Background and aim of the workshop:
The analysis of mortars and concretes from historic objects is an important and challenging task in the laboratory routine
of conservation sciences and material characterisation. The topic of Portland cement-based materials is of increasing importance,
as a growing number of sculptural and architectural objects originating from the 19th and 20th centuries are currently considered
cultural heritage, and knowledge of its material characteristics is a prerequisite to formulate compatible methods and materials
of conservation and restoration.
Many parameters describing a mortar in terms of its composition, preparation and condition can be identified by means of polarising
microscopy. While this analytical tool is often used by concrete and cement experts to check the composition and condition
of concrete or the quality of cement clinkers in the industrial process of production, scientists active in the field of heritage
conservation are frequently not aware of its potentials for the analysis of mortars. This workshop is addressed to the experts
aiming at extending their understanding of the range of microstructural phenomena of cement-based materials under the microscope
and transferring this knowledge into the conservation science. Participants should have a background knowledge in petrography
and cement chemistry.
The hosting institute, a unit of the University of Applied Arts Vienna, has a sound background in the analysis of historic
mortars by means of optical microscopy and SEM. In the past years, in the frame of the EU-project ROCARE, it had organised
a number of workshops focussing on the microscopy of historic mortars, ranging from ancient lime to 19th century Roman cements.
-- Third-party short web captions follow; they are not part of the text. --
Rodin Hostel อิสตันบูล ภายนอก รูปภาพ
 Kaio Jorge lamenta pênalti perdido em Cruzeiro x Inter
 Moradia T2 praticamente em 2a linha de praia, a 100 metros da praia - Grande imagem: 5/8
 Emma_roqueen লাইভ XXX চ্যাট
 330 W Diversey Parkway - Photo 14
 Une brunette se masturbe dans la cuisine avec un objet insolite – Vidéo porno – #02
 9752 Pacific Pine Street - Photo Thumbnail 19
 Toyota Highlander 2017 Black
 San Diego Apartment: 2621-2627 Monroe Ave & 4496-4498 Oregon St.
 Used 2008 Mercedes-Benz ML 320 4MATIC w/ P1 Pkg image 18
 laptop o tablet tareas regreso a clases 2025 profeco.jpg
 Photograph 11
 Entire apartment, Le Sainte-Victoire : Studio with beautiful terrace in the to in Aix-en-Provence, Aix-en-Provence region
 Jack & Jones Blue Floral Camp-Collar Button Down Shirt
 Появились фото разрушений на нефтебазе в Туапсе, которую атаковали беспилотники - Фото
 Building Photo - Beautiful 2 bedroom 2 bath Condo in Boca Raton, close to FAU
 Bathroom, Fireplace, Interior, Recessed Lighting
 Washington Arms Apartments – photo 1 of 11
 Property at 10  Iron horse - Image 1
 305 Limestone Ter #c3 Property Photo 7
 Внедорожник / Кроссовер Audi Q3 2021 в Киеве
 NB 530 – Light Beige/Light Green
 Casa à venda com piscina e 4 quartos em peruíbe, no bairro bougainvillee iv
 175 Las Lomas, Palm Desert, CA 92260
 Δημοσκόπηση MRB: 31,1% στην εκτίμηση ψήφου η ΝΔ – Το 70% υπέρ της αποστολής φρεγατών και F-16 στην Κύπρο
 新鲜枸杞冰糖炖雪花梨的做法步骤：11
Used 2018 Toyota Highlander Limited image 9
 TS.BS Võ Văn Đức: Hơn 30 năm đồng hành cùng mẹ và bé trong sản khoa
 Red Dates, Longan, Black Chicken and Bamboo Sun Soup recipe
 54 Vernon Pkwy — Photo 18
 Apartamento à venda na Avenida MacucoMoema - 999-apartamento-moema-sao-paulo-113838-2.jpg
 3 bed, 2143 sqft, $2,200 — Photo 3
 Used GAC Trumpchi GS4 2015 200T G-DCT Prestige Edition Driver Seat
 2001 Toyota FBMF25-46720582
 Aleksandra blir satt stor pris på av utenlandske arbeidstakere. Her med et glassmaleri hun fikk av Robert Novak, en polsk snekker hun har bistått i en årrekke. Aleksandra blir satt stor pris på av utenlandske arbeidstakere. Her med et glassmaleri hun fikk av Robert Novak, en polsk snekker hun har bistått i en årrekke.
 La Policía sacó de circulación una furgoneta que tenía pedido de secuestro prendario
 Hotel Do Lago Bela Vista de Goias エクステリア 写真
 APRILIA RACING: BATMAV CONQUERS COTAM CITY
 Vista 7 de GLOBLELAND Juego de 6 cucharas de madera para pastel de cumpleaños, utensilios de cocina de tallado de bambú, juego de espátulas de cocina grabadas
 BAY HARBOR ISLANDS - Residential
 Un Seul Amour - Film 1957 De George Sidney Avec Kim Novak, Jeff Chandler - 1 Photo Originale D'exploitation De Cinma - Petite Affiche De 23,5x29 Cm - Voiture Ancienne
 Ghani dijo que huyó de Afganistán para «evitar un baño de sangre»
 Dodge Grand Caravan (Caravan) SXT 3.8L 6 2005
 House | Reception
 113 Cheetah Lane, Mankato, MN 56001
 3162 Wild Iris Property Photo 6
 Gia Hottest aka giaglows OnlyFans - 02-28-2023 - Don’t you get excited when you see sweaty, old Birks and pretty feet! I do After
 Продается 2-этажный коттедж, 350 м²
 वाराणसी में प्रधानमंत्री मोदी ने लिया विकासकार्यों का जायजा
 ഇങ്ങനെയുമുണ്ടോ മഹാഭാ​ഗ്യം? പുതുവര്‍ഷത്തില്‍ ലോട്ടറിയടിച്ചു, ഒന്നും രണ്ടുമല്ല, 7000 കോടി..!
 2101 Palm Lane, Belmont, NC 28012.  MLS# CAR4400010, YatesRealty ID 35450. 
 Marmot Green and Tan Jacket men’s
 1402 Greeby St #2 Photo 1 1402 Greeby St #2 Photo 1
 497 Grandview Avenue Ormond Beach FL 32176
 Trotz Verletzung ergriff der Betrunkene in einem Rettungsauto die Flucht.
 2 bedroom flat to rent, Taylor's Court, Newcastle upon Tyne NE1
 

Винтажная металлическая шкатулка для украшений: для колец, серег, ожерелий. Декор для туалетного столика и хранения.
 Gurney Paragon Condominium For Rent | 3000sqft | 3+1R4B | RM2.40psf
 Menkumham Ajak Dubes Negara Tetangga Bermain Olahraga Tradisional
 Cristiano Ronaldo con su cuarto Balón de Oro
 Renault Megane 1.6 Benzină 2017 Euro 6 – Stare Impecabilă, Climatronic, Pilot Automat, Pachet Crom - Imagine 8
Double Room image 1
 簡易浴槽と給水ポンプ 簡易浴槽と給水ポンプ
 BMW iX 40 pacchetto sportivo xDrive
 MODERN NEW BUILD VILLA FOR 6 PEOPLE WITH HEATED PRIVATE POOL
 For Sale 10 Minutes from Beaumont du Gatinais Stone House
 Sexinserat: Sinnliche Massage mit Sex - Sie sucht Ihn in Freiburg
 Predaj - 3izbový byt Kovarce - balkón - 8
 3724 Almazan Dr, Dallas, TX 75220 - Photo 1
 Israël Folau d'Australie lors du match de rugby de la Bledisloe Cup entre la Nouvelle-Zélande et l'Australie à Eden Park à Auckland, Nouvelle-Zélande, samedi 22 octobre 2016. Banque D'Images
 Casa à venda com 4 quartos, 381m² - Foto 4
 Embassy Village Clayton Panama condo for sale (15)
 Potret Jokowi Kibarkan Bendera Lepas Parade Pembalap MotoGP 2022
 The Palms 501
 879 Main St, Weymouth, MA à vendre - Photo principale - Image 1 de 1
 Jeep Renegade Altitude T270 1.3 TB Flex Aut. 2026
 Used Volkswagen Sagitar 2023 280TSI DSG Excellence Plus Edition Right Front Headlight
In consequence and for the first time, the focus will now be laid on Portland cements.
The event is co-organised by the Scientific Laboratory of the Austrian Federal Office for the Protection of Monuments (Dr.
Dr. Christine Merz from Switzerland, chief lecturer of the Workshop, has ample experience and enjoys wide reputation in the
field of microscopy of modern cement-based building materials. Her academic background in petrography is a key to the optimum
use of the techniques of microscopy in her field of work.